Some of these factors explain the slow-growth approach New Hampshire intentionally takes in its PACE program. In its first 10 years, four districts out of 167 total joined the PACE effort.18 During a 2016 visit of New Hampshire schools involved in the program, then-state assessment director Paul Leather said the program would be optional for districts given the complexities involved in implementing the program successfully.19

Finally, it is unclear how much more effective performance-based assessments are at improving student outcomes. Studies of New Hampshire’s PACE program show small observed differences and less improvement among low-income students, students with disabilities, and male students.20

How the law can allow states to test and use these innovations in testing

Technical requirements in existing laws and regulations could prevent states from trying some of the innovative designs highlighted above. However, this report does not advocate for wholesale waivers of these requirements. It offers points of consideration for the U.S. Department of Education and states as they develop policies that allow for innovation.

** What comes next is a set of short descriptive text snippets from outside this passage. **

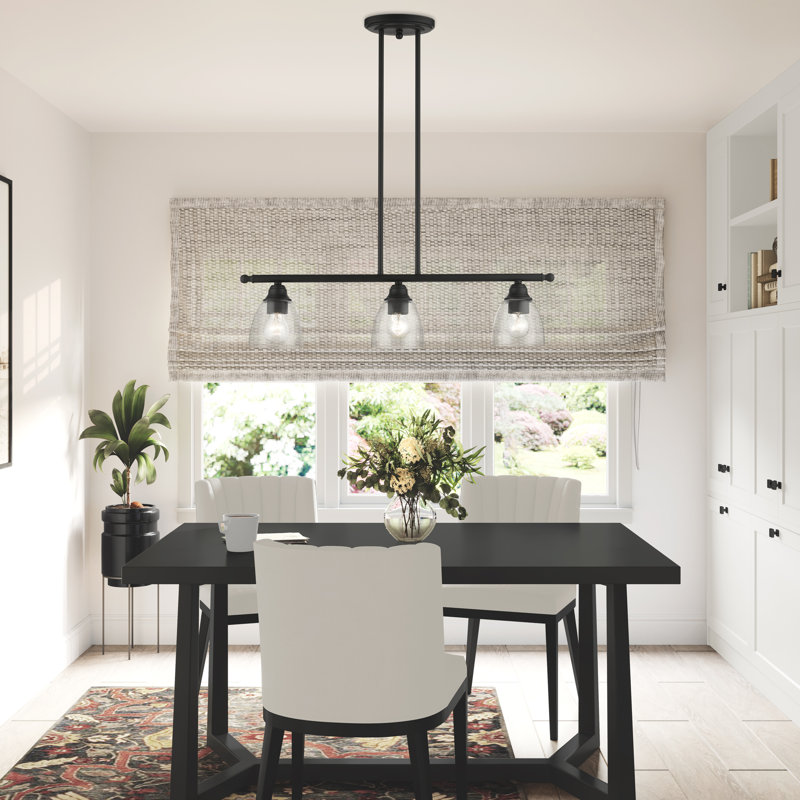 Coralino 3 - Light Kitchen Island Pendant, Black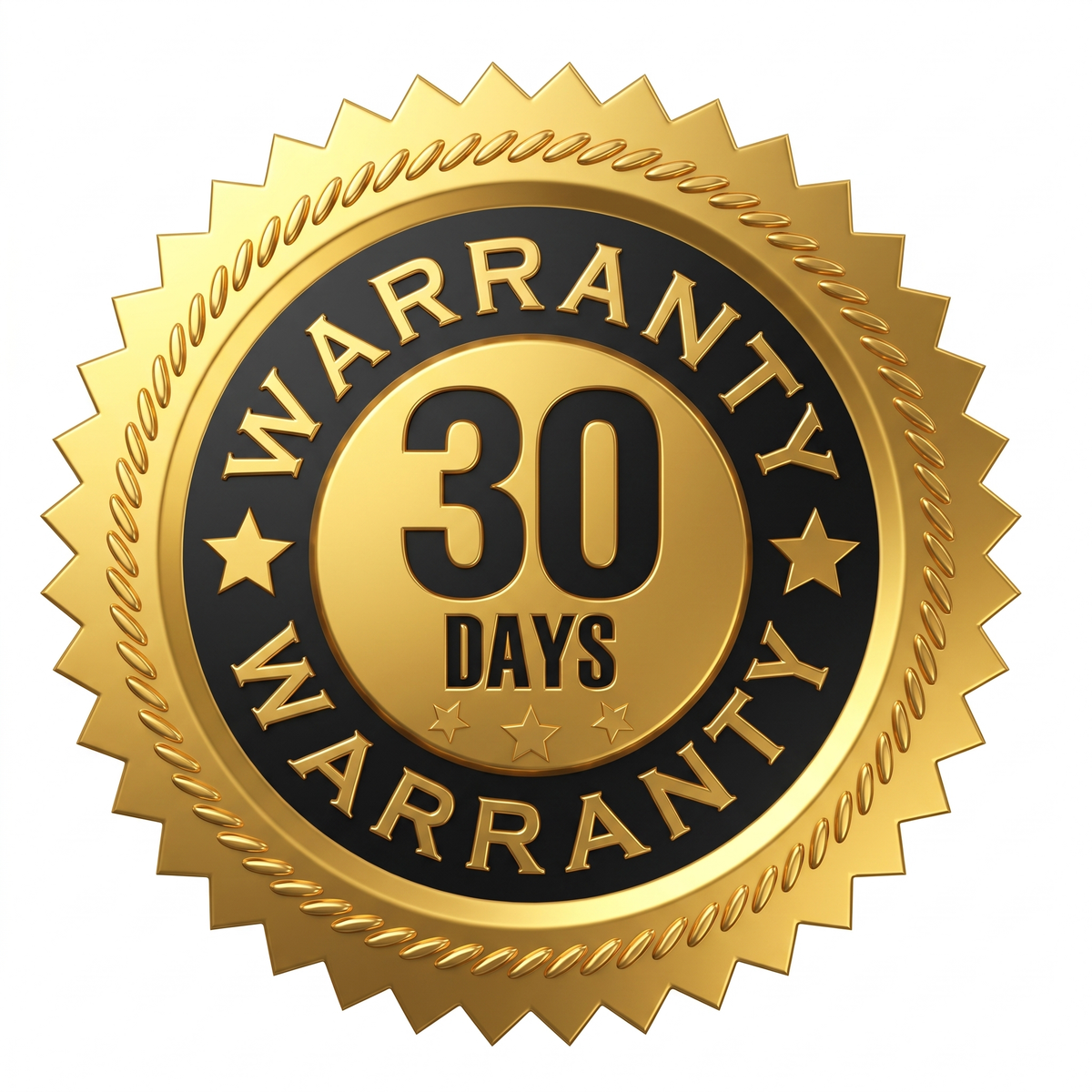 30 Day Warranty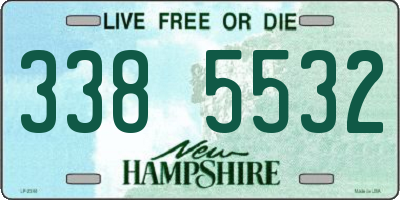 NH license plate 3385532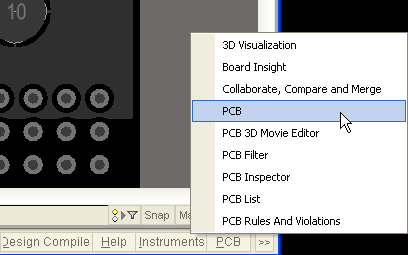 AltiumDesigner PCB panel open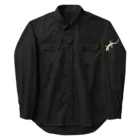 LalaHangeulのJapanese gecko(ニホンヤモリ)　英語デザイン Work Shirt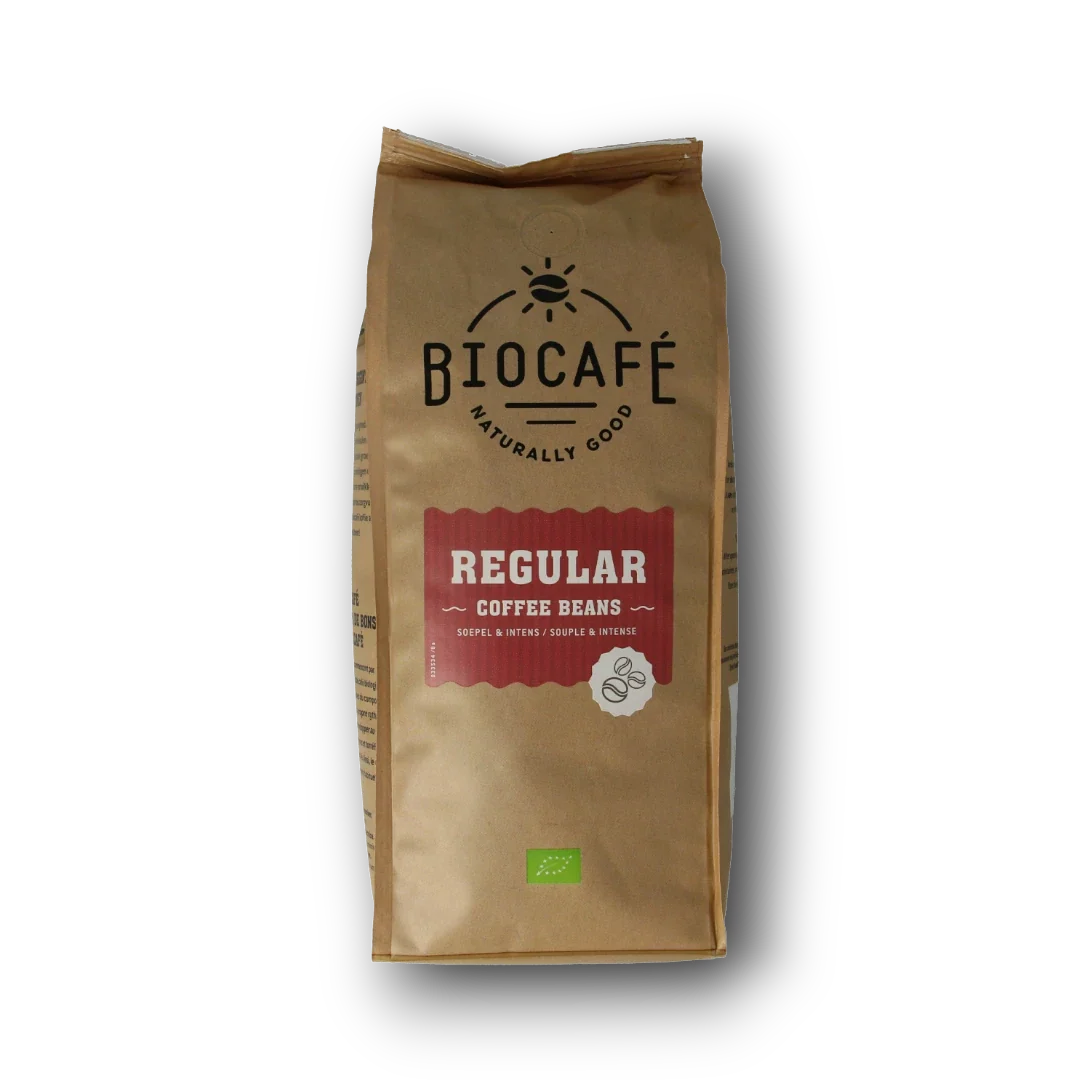 Biocafe Koffiebonen regular bio 500.00 Gram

This section discusses the following standardized testing requirements:

  • Validity, reliability, and comparability
  • Grade-level measurement
  • Individual score reports

Defining validity, reliability, and comparability, and why they matter

Validity refers to how accurately and fully a test measures the skills it intends to evaluate.21 For example, if an algebra test includes some geometry questions, the test would not be a valid measure of algebra. Reliability refers to the consistency of the test scores across different testing sessions, different editions of the test, and different people scoring the exam.22 Reliability informs how consistently the test measures the knowledge and skills it is intended to measure. Comparability allows for comparing of test scores, even if students took the test at different times, in different places, and under different conditions.23 For example, test developers will design a test that may be given via computer or paper and pencil to account for these differences so results can be compared.24

These three technical qualities apply to the ESSA pilot program for state assessments as well. Piloted designs must meet the highest standards for validity, reliability, and comparability, as state tests do. Lawmakers did this not only because the piloted tests were required across states to fulfill the yearly student and school performance requirements in federal law, but also because they are fundamental to test quality, fairness, and equity.25

While these technical requirements help ensure a high-quality test, they also constrict states’ abilities to try new approaches to testing. As a result, the requirements confine the pilots to look and behave like today’s standardized tests.26

Where can policymakers be flexible on test reliability and comparability?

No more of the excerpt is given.